描写で顕著になる書き方の問題

 コンテクスト圏と知識階層の問題。


 例に挙げるなら、探偵の長々とした謎解き台詞。あれが冗長で面白くないという人が居る。片方では待ってましたという感じで楽しく読める人も居る。それをお約束と捉えているからという場合も、そもそもでそういう長い文章が心地良いという場合も、千差万別の好みってこともある。


 しかし、書く場合はどれかに絞らんと、全部の要素を詰め込むことは出来ないんよね。描写をするとなったら、描写は好かんという人だけでなく、シンプルな文体が好きという層までごっそり切り落とす覚悟が居る。それは下手すりゃラノベ層全体かも知れないってこと。


 ミステリなんかも昨今は幅広い読者層が確認されるジャンルですけども、それでも細分化すれば、それぞれ日常ミステリ系とか、社会派とか、警察クライムとかで分かれるわけですよ。
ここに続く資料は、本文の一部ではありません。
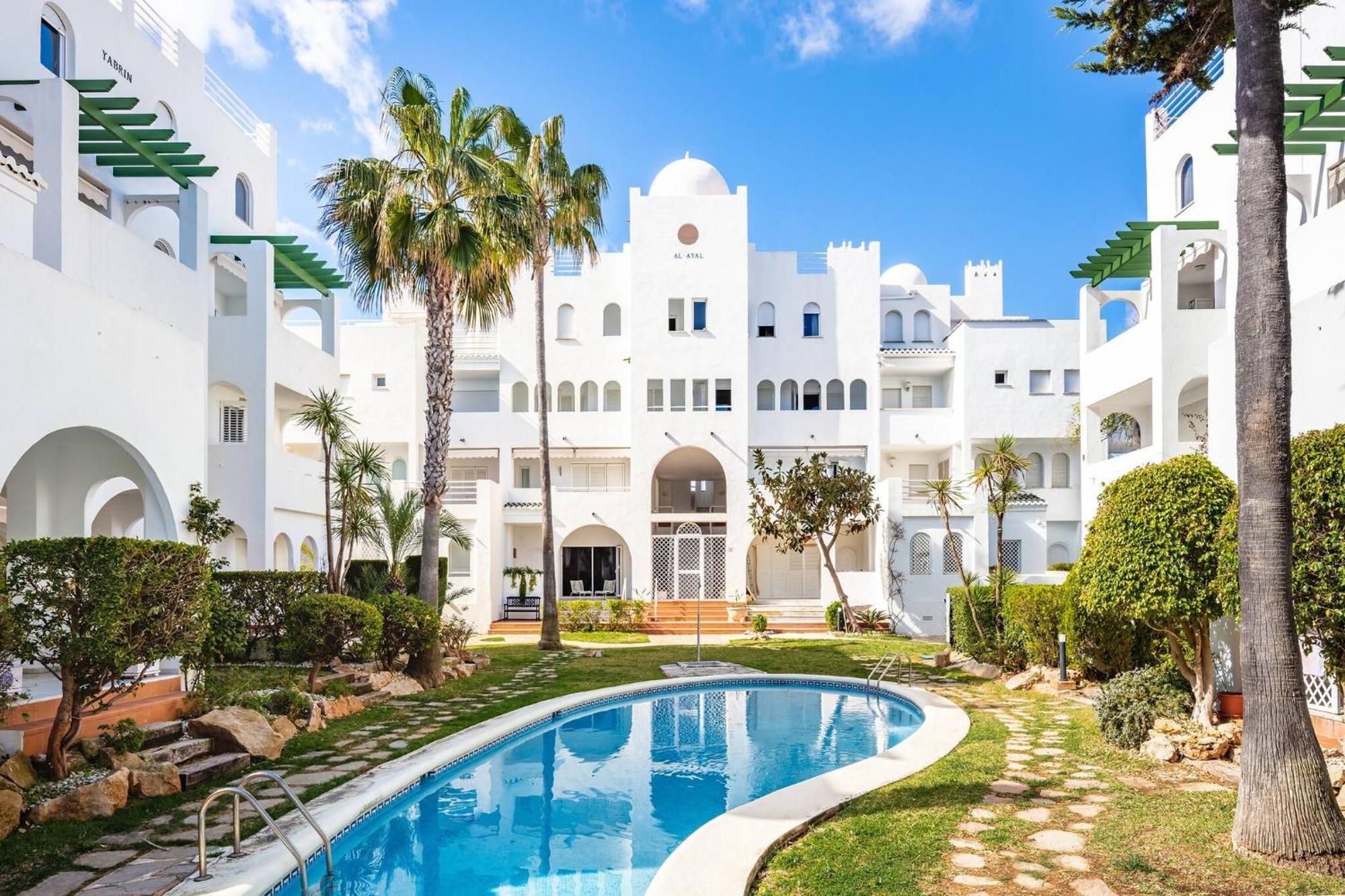 Apartamento El Cairo Jávea Zewnętrze zdjęcie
『13階段』を読む層を想定して書くのか、『掟上今日子さん』を読む層を想定して書くのかで、文章自体のやれる幅も変わるってことを言いたいわけですわ。両者をミックスして書いたら、双方の読者にそっぽ向かれるわけだから、そういうどっち付かずはまず避けないといけなくって。

 で、前者の13階段寄りにするでも、例えば心理描写をどうするか、こと細かに書くスタイルを取るのか、そこまではやらずに一人称程度で抑えるか、てのも選択するよね。三人称の場合は本当に果てしなく描写は入れ込めるから、どの程度やるかってのも考えないといけないわけですよ。んで、多量にやるでも少なくやるでも、それ相応の問題ってのが都度で立ち上がってくるというね。悩ましい……。


 自作の、『フェイク』ではこれでしくじったと思ってんだから。途中から描写がスカスカになってんのよ。読者にも見抜かれていて、イイネが付いてんのは描写過多なプロローグ辺りってので本当に失敗したなと思ったわけです。(迷ってたから)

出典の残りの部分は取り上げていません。